RECORD EXTRACTS =
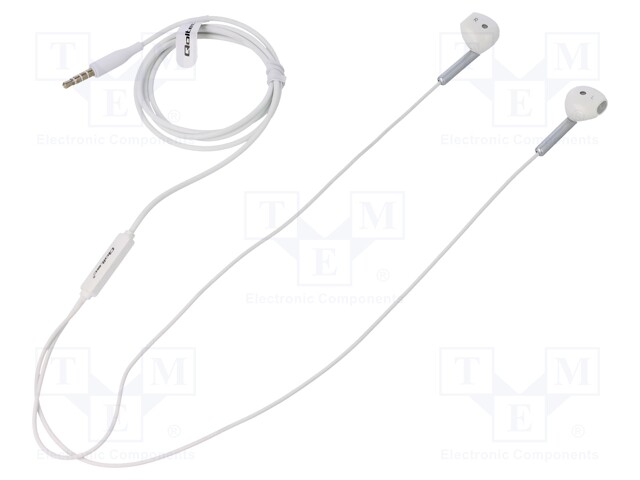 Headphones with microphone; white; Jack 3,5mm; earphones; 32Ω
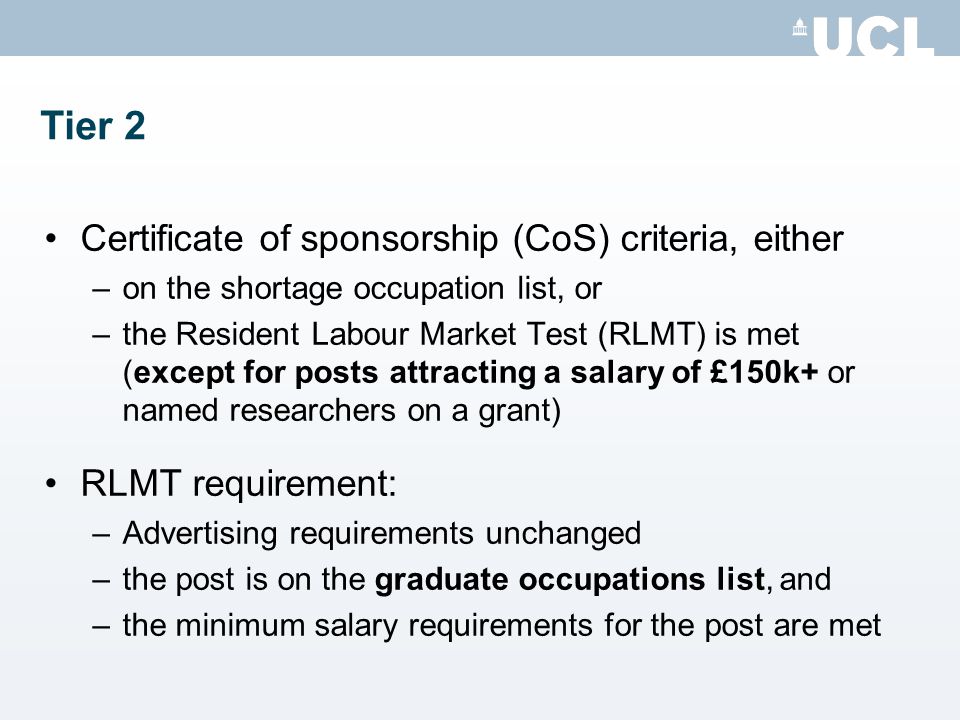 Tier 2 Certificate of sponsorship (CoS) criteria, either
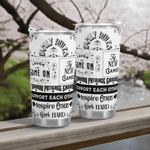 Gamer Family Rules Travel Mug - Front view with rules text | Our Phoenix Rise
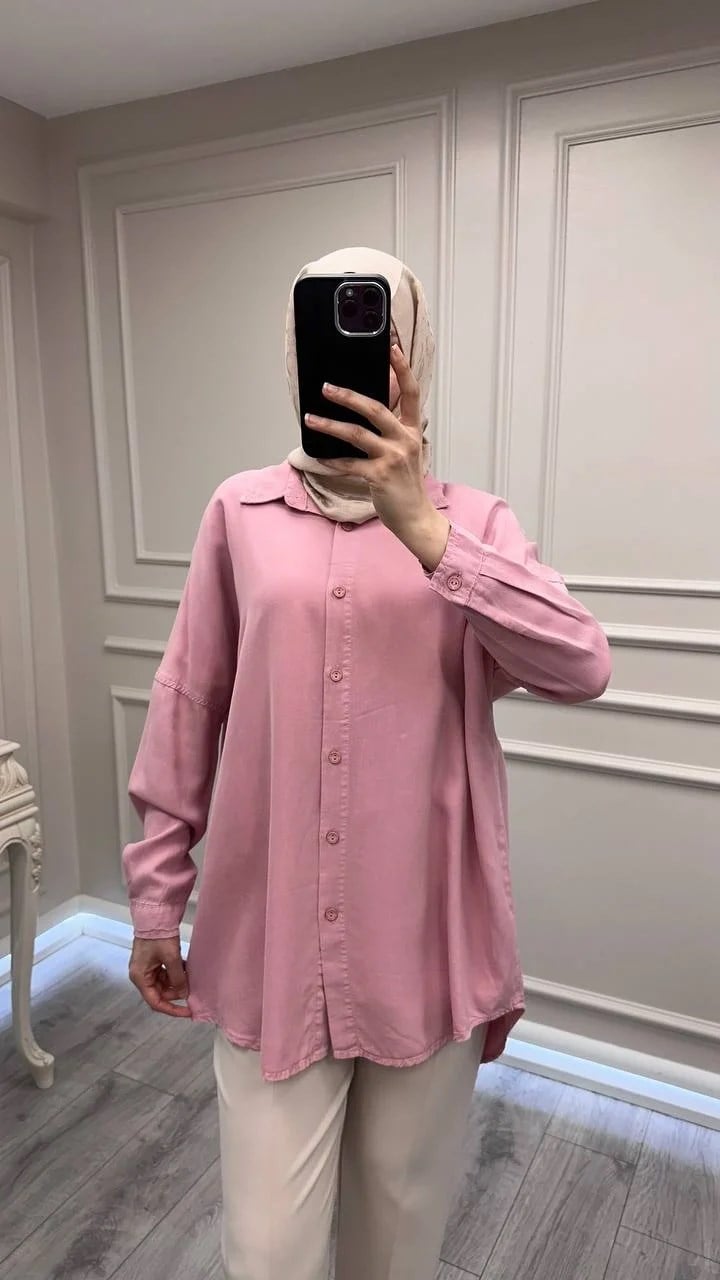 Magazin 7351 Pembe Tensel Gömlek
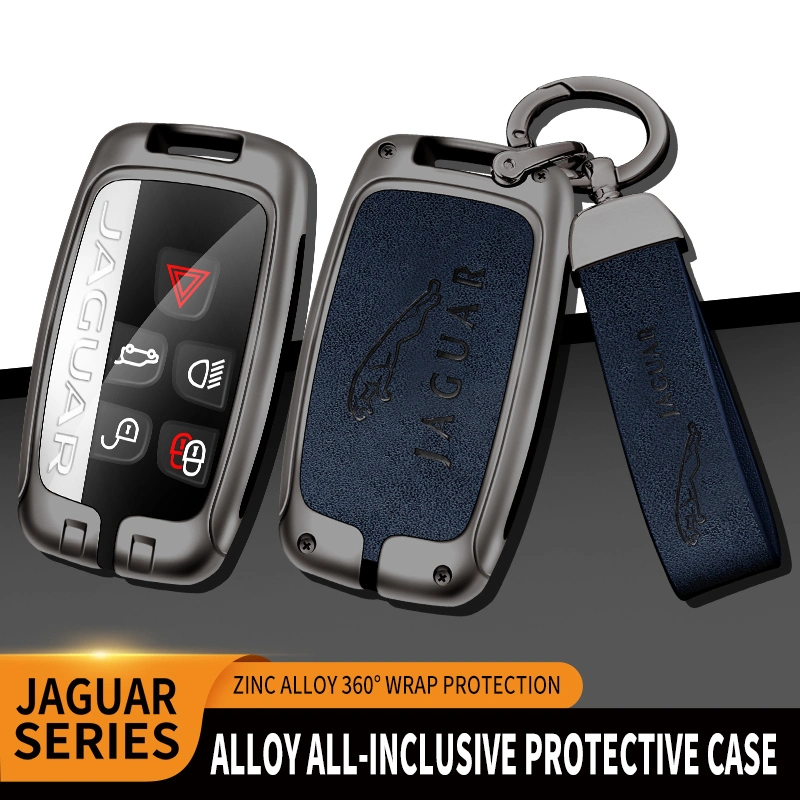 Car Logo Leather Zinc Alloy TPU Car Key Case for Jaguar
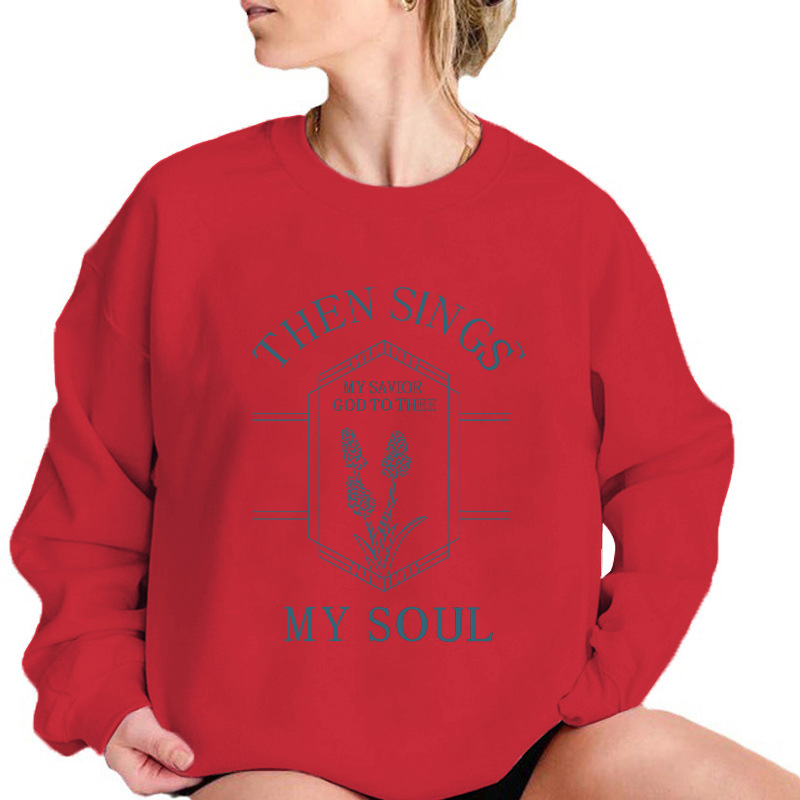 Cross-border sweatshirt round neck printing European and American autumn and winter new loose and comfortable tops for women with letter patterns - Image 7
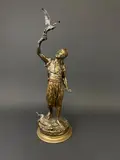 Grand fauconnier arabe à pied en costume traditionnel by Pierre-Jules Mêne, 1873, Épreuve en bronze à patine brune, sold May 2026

WHAT TO PRODUCE = Using the entries above, reproduce word for word only the lines from the one that contains "Magazin 7351 Pembe Tensel Gömlek" to the one that contains "Cross-border sweatshirt round", both ends included, and drop every picture.

RESPONSE TO THE EXERCISE =
 Magazin 7351 Pembe Tensel Gömlek
 Car Logo Leather Zinc Alloy TPU Car Key Case for Jaguar
 Cross-border sweatshirt round neck printing European and American autumn and winter new loose and comfortable tops for women with letter patterns - Image 7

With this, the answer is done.